Il a fait ses classes là, dans ce bistrot minable, Toussaint, mon père à moi. Le sien aurait eu les moyens de lui offrir la location d’un studio meublé sur le continent, la possibilité de faire là-bas des études rentables et le moyen d’échapper ainsi à l’obligation de servir.
Mais la mer, vue de l’autre côté, ne semblait plus la même. Toussaint n’avait retrouvé nulle part l’odeur du port ni, sur les plages, le chahut des gamins insensibles aux remontrances maternelles. Ni le balancement de l’accent du pays. Dès qu’il ouvrait la bouche, les gens écarquillaient des yeux réprobateurs : qu’ils soient nés dans les campagnes environnantes, qu’ils soient venus d’un bled varois ou descendus du nord en quête de soleil pour bosser ou pour jouir de leur retraite, leur premier souci était de neutraliser leur accent, de le régler à mi-chemin entre le pointu parisien et l’indolence méditerranéenne.

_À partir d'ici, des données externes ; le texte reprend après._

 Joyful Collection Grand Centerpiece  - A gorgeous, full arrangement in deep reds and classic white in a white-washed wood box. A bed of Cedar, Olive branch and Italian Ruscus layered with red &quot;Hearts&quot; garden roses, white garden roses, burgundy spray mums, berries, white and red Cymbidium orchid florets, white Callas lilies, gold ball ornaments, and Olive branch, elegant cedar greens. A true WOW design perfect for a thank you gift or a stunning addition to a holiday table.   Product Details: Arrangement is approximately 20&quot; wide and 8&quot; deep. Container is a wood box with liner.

Nostalgie de son île, de la barrière d’eau qui protège des angoissantes étendues de terre. Nostalgie de sa ville qu’il aurait pu parcourir les yeux fermés sans jamais s’égarer, des senteurs qui montent de l’eau, de celles qui dégringolent des montagnes au moindre changement du vent.
Et de sa mère.
De sa mère qui, a priori, avait distribué les rôles : lui sur un piédestal, elle dans sa cuisine.